WHAT YOU NEED TO DO - Look below for the line containing "В Орехове оккупанты"; from there through the line containing "Blick auf das", both lines included, please set down each line exactly and nothing else.

DATA FOR THIS TASK -
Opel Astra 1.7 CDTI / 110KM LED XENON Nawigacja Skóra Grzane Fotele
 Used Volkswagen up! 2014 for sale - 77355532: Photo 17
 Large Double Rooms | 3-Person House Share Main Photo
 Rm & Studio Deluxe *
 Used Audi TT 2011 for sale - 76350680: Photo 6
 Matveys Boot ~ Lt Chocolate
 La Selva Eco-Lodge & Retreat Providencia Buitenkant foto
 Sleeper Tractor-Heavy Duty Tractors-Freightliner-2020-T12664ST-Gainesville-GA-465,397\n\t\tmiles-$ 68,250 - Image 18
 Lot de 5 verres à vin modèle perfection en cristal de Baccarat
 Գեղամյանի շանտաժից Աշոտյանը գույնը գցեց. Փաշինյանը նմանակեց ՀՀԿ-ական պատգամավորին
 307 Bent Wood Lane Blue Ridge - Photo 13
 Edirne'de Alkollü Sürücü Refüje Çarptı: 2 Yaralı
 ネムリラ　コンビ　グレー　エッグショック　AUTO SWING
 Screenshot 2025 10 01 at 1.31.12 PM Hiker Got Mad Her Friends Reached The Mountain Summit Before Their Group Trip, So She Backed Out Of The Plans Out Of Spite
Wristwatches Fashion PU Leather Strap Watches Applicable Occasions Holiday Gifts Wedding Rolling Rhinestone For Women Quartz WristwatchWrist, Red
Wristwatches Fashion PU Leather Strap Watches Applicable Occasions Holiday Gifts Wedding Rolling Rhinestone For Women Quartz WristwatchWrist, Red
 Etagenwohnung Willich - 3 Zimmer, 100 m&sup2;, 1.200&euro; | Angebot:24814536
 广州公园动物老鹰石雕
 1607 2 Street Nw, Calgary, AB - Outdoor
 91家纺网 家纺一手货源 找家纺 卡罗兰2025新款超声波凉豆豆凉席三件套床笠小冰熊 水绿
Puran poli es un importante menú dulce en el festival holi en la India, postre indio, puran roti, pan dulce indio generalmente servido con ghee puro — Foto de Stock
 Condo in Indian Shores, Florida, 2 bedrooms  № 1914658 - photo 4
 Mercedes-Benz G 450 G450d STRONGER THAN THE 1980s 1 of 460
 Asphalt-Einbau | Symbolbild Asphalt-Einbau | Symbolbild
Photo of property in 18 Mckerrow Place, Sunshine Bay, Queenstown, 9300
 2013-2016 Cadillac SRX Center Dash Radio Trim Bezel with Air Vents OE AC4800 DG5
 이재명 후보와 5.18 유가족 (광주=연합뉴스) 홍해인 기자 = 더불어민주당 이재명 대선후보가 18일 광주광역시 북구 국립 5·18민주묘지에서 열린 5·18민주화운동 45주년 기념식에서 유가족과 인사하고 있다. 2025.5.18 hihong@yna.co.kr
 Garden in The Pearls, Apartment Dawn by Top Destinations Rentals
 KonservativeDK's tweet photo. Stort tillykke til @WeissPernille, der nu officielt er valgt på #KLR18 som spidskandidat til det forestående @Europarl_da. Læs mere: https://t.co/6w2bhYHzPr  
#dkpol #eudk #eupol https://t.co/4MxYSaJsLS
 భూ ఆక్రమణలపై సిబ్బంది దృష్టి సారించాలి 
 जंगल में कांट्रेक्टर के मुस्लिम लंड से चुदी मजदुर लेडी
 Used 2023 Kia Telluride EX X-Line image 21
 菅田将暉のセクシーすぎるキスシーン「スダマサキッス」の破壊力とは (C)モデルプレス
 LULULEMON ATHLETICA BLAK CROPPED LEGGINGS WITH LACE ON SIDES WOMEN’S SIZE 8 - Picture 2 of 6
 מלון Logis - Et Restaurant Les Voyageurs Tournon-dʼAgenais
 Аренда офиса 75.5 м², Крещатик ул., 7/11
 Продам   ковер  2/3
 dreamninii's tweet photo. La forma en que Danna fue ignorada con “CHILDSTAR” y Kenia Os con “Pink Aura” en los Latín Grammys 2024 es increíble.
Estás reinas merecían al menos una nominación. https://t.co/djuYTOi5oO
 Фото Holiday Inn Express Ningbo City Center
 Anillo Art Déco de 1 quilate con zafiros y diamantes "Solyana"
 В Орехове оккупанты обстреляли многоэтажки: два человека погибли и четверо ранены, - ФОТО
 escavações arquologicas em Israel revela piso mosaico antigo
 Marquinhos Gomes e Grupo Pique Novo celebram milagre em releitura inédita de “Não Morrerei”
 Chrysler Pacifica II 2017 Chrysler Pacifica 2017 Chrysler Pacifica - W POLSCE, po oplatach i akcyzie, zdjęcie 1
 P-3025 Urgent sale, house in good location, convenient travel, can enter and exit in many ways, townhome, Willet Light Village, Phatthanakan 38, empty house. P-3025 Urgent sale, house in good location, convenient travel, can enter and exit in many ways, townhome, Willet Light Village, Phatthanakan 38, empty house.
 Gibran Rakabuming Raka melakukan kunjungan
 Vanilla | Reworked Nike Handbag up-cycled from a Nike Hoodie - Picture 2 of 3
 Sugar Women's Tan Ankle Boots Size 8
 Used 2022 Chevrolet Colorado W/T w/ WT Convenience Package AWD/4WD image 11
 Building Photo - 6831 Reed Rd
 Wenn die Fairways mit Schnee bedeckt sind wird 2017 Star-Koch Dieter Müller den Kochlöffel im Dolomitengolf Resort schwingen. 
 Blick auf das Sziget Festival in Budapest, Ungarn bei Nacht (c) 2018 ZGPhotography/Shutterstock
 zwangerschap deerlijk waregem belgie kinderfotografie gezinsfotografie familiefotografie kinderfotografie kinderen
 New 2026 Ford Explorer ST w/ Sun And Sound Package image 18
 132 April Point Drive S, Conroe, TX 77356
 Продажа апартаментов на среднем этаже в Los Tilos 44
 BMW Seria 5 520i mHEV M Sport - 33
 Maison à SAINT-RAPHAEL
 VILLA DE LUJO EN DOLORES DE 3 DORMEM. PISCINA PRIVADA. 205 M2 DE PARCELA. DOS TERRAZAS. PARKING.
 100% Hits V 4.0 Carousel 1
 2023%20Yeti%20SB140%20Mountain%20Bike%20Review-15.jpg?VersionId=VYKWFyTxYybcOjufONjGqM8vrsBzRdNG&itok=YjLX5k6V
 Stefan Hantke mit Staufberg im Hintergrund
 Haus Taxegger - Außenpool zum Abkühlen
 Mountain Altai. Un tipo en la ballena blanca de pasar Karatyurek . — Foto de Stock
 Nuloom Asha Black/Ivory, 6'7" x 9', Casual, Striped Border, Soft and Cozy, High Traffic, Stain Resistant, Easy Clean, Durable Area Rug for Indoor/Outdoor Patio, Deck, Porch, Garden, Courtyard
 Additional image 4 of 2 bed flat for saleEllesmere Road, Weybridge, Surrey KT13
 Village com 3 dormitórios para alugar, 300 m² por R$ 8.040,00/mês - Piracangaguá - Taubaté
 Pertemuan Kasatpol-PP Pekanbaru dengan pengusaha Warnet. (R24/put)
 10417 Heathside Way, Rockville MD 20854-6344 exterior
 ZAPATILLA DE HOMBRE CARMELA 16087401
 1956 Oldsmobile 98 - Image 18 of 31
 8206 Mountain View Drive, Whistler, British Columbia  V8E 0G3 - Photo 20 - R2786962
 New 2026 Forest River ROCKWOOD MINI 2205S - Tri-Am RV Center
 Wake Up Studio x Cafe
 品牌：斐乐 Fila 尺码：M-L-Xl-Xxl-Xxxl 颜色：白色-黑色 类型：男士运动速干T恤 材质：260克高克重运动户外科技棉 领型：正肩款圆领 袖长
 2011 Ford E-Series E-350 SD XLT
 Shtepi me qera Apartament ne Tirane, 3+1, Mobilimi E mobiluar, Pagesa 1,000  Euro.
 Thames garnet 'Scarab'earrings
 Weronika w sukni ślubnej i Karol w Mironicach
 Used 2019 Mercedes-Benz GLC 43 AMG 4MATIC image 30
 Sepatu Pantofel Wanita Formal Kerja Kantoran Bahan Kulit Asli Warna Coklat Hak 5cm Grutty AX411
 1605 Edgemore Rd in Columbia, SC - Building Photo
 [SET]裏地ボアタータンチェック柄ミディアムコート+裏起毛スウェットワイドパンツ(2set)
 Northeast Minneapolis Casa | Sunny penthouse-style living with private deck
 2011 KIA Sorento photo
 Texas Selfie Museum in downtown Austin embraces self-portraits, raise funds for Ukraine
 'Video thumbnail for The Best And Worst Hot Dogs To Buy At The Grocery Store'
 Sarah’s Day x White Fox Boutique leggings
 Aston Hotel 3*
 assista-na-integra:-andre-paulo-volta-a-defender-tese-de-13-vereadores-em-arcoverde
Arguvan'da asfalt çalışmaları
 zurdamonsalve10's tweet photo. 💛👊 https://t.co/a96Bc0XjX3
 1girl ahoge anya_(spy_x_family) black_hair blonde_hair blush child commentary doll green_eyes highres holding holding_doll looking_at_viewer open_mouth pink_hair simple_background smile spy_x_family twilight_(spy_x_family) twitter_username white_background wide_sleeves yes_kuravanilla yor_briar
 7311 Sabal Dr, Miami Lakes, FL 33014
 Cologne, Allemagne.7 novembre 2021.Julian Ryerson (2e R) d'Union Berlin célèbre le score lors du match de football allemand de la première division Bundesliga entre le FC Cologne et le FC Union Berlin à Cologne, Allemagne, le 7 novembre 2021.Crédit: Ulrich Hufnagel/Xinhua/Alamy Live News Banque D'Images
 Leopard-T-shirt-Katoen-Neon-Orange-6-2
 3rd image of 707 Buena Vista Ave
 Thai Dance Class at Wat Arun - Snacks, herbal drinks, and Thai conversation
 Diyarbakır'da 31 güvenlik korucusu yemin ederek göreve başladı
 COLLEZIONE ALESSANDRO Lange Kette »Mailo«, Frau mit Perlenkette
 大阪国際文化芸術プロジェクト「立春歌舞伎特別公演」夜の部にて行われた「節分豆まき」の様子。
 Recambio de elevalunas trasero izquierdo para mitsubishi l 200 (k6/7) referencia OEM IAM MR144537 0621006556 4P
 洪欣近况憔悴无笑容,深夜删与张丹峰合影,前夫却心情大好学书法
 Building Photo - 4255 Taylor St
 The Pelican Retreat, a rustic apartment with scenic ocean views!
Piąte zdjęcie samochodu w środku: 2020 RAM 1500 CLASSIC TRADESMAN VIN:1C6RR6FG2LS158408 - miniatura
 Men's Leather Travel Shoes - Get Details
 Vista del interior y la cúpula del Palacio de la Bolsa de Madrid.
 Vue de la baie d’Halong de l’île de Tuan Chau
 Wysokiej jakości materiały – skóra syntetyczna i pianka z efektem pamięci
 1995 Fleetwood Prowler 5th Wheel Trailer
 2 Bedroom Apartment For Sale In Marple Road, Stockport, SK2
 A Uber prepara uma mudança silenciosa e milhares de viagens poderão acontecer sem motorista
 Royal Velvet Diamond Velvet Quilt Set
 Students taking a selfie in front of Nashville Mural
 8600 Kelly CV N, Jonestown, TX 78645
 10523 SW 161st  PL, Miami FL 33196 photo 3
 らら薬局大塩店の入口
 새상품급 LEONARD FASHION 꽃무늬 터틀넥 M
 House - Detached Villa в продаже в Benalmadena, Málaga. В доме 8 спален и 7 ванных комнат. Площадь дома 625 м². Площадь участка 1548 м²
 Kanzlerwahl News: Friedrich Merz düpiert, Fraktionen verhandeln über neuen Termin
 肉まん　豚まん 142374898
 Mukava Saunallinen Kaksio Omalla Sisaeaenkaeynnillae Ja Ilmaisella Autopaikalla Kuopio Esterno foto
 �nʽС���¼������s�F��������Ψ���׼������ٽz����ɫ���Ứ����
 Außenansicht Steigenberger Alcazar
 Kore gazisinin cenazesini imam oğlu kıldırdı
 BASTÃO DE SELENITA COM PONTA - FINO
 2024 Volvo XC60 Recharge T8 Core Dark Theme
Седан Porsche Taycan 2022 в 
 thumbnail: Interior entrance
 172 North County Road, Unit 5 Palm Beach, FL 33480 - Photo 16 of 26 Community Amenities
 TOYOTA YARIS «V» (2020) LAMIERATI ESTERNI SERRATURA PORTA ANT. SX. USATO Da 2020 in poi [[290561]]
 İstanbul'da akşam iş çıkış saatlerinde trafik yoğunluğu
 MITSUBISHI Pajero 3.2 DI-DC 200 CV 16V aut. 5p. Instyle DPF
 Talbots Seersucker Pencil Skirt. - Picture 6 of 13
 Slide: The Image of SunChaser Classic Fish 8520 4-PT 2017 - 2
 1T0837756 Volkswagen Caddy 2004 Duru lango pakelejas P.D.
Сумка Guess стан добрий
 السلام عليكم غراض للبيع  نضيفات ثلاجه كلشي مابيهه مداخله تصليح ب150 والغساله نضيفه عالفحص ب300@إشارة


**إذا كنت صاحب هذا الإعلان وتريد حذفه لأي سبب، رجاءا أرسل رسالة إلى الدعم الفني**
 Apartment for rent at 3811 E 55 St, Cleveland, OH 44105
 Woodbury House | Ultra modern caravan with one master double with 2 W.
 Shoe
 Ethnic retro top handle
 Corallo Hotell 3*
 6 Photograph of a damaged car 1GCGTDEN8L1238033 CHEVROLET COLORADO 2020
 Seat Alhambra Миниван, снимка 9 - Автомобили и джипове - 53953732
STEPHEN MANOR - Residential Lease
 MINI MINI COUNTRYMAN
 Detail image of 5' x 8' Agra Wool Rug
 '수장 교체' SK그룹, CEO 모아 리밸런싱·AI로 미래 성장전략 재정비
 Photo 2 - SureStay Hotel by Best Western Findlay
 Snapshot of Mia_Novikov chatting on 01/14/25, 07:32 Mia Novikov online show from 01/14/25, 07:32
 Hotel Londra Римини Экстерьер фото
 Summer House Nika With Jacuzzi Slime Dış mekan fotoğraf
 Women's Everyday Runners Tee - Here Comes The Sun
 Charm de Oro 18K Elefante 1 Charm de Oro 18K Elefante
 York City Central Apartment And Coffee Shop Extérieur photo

ANSWER BOX -
 В Орехове оккупанты обстреляли многоэтажки: два человека погибли и четверо ранены, - ФОТО
 escavações arquologicas em Israel revela piso mosaico antigo
 Marquinhos Gomes e Grupo Pique Novo celebram milagre em releitura inédita de “Não Morrerei”
 Chrysler Pacifica II 2017 Chrysler Pacifica 2017 Chrysler Pacifica - W POLSCE, po oplatach i akcyzie, zdjęcie 1
 P-3025 Urgent sale, house in good location, convenient travel, can enter and exit in many ways, townhome, Willet Light Village, Phatthanakan 38, empty house. P-3025 Urgent sale, house in good location, convenient travel, can enter and exit in many ways, townhome, Willet Light Village, Phatthanakan 38, empty house.
 Gibran Rakabuming Raka melakukan kunjungan
 Vanilla | Reworked Nike Handbag up-cycled from a Nike Hoodie - Picture 2 of 3
 Sugar Women's Tan Ankle Boots Size 8
 Used 2022 Chevrolet Colorado W/T w/ WT Convenience Package AWD/4WD image 11
 Building Photo - 6831 Reed Rd
 Wenn die Fairways mit Schnee bedeckt sind wird 2017 Star-Koch Dieter Müller den Kochlöffel im Dolomitengolf Resort schwingen. 
 Blick auf das Sziget Festival in Budapest, Ungarn bei Nacht (c) 2018 ZGPhotography/Shutterstock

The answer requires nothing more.